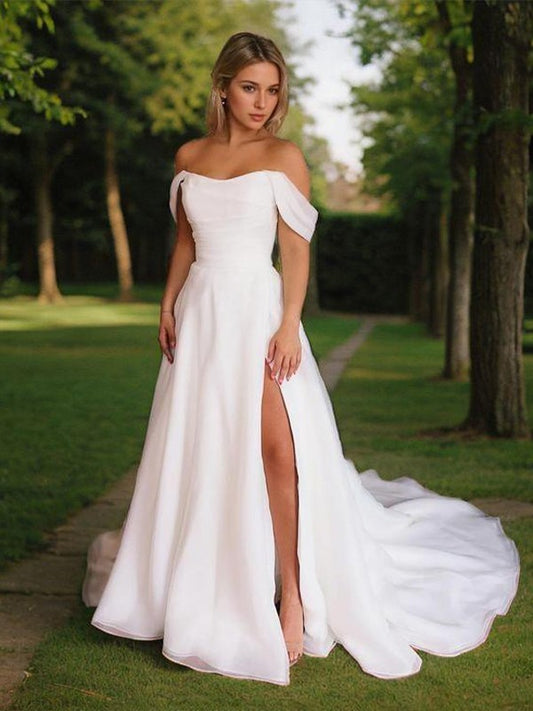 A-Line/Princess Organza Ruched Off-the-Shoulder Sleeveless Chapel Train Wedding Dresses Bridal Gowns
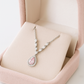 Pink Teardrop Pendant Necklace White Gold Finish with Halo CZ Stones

==

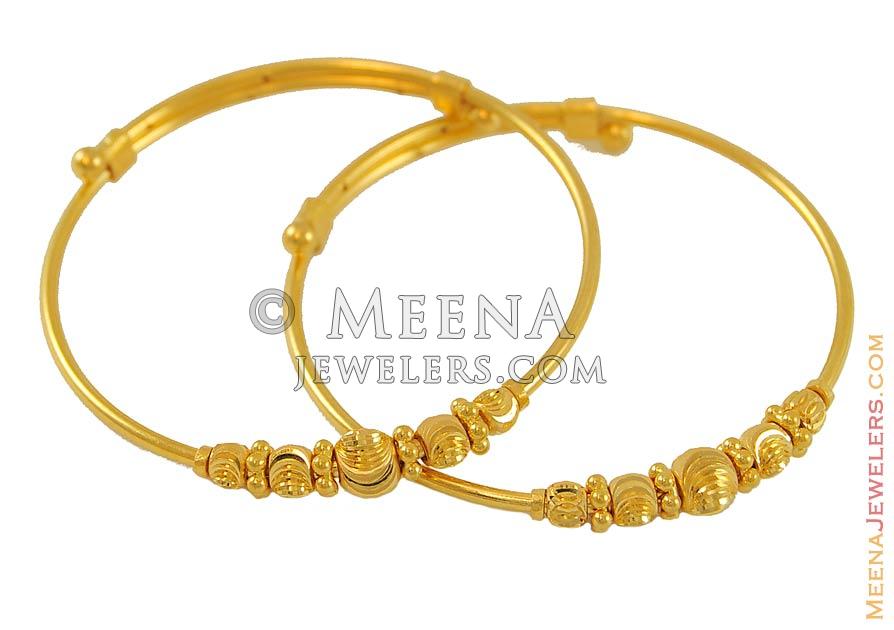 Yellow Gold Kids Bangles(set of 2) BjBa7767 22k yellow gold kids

Work request | From the listing above, repeat only the lines between the line containing "A-Line/Princess Organza Ruched" and the line containing "Pink Teardrop Pendant", those two included. Pictures are not part of the copy.

Exercise response |
 A-Line/Princess Organza Ruched Off-the-Shoulder Sleeveless Chapel Train Wedding Dresses Bridal Gowns
 Pink Teardrop Pendant Necklace White Gold Finish with Halo CZ Stones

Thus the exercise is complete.